#### Supplied data ####

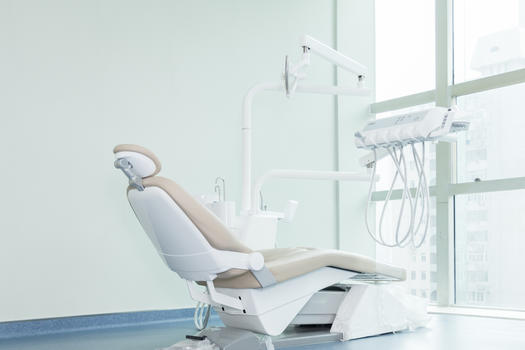 医疗器材牙医躺椅图片素材免费下载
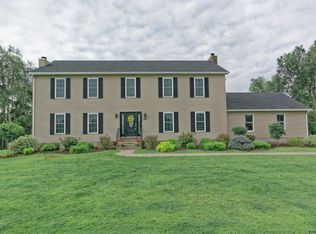 443 Log City Rd, Amsterdam, NY 12010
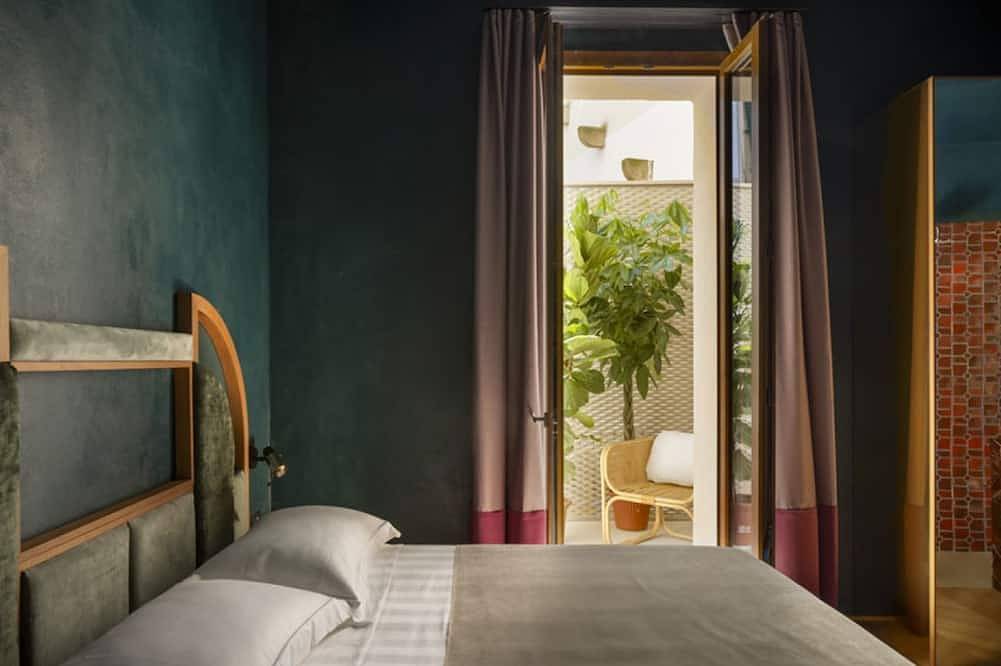 The Wheels Florence Bed&Breakfast: Bedroom Deluxe Pavone in Florence city center, Florence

####

● What is needed: Word for word, retype the lines from the one with "443 Log City Rd, Amsterdam, NY 12010" through the final line of the data, both included. No pictures belong in the copy.

● Answer box:
 443 Log City Rd, Amsterdam, NY 12010
 The Wheels Florence Bed&Breakfast: Bedroom Deluxe Pavone in Florence city center, Florence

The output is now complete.